Les massacres se poursuivent contre la population de Beni dans l’Est de
la République Démocratique du Congo. Le nombre des victimes a franchi le
seuil de 300 morts, le dernier bilan ayant été 293 après le massacre du
4 février dernier. Mercredi 15 avril, 18 personnes, dont une femme
enceinte, ont été tuées à la machette (9 décapitées) dans les
localités de Matiba et Kinzika, ce qui porte le bilan total des
massacres à 311 tués depuis le début de la campagne meurtrière en
octobre 2014. Le caractère génocidaire des massacres ne fait plus
l’ombre d’un doute.
En effet, si officiellement les tueries sont le fait des rebelles
ougandais des ADF/Nalu, la réalité est tout autre, et on gagnerait du
temps à désigner clairement les auteurs de ces tueries[1].
A Beni, la population ne prête même plus attention à la version
officielle consistant à attribuer ces tueries aux rebelles ougandais des
ADF[2]. Elle sait qui la tue, les images des victimes portent la signature de leurs auteurs[3]. Les rescapés les ont clairement décrits comme cela apparait dans le dernier rapport des experts de l’Onu[4]. Les assaillants s’expriment en kinyarwanda (la langue du Rwanda)
une langue dans laquelle ne s’exprime aucun groupe armé du territoire
de Beni. Même les rebelles ougandais des ADF, du temps où ils
sévissaient, étaient facilement identifiables : ils s’exprimaient en kiswahili et en luganda (la langue du centre de l’Ouganda).
Si des tueurs rwandophones ont fait leur apparition en territoire de
Beni, c’est qu’ils y ont été amenés sciemment et pour massacrer une
population bien spécifique : les Banande, l’ethnie autochtone de la contrée.
Pourquoi ils tuent les Banande ?
Les massacres qui visent les populations nande de l’Est du
Congo ne sont pas le fait de quelques énergumènes qui errent dans la
brousse. Ce sont des actes planifiés et exécutés à froid. Ils
s’inscrivent dans la stratégie globale des régimes de Kigali et de
Kampala (avec leurs complices à Kinshasa et leurs parrains en Occident).

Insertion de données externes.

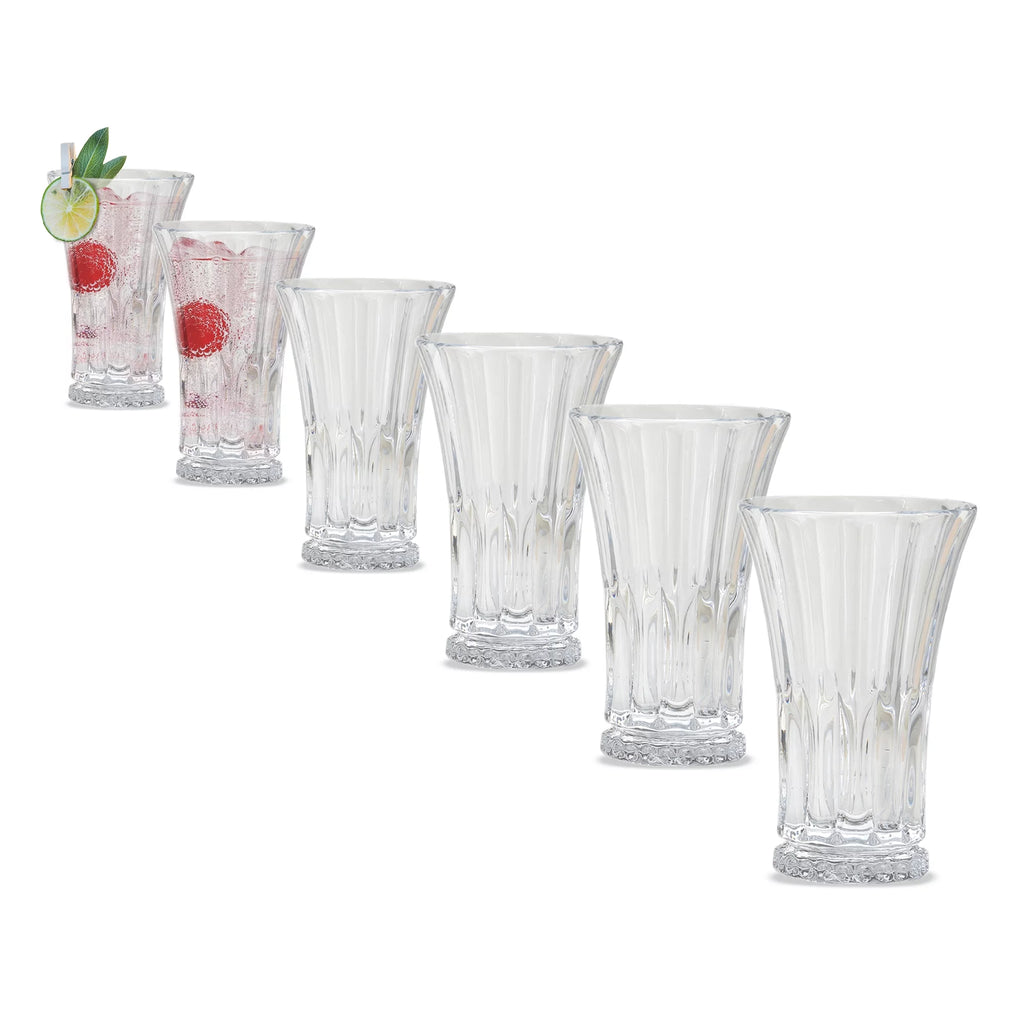 Highball Glasses Set of 6 Y8066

Ils visent à éliminer le plus des populations autochtones congolaises
possibles pour libérer des espaces dans l’Est du Congo, en général des
zones riches en minerais et fertiles pour l’agriculture. Dans ces zones
abandonnées par les autochtones devraient, à terme, s’implanter des
populations en provenance du Rwanda et de l’Ouganda. Ces deux pays, en
particulier le Rwanda, sont considérés comme dépourvus d’espace et de
ressources pour leurs populations. Celles-ci doivent se « déverser » dans l’Est du Congo dans la perspective d’un projet devant aboutir au détachement du Kivu du reste du Congo[5].
Mais cette opération requiert d’éliminer au préalable les populations
autochtones. Elle requiert également de tester et de briser sur la durée
la capacité des Congolais à résister et à s’opposer à ce projet
d’implantation forcée de ces populations étrangères sur le sol congolais[6].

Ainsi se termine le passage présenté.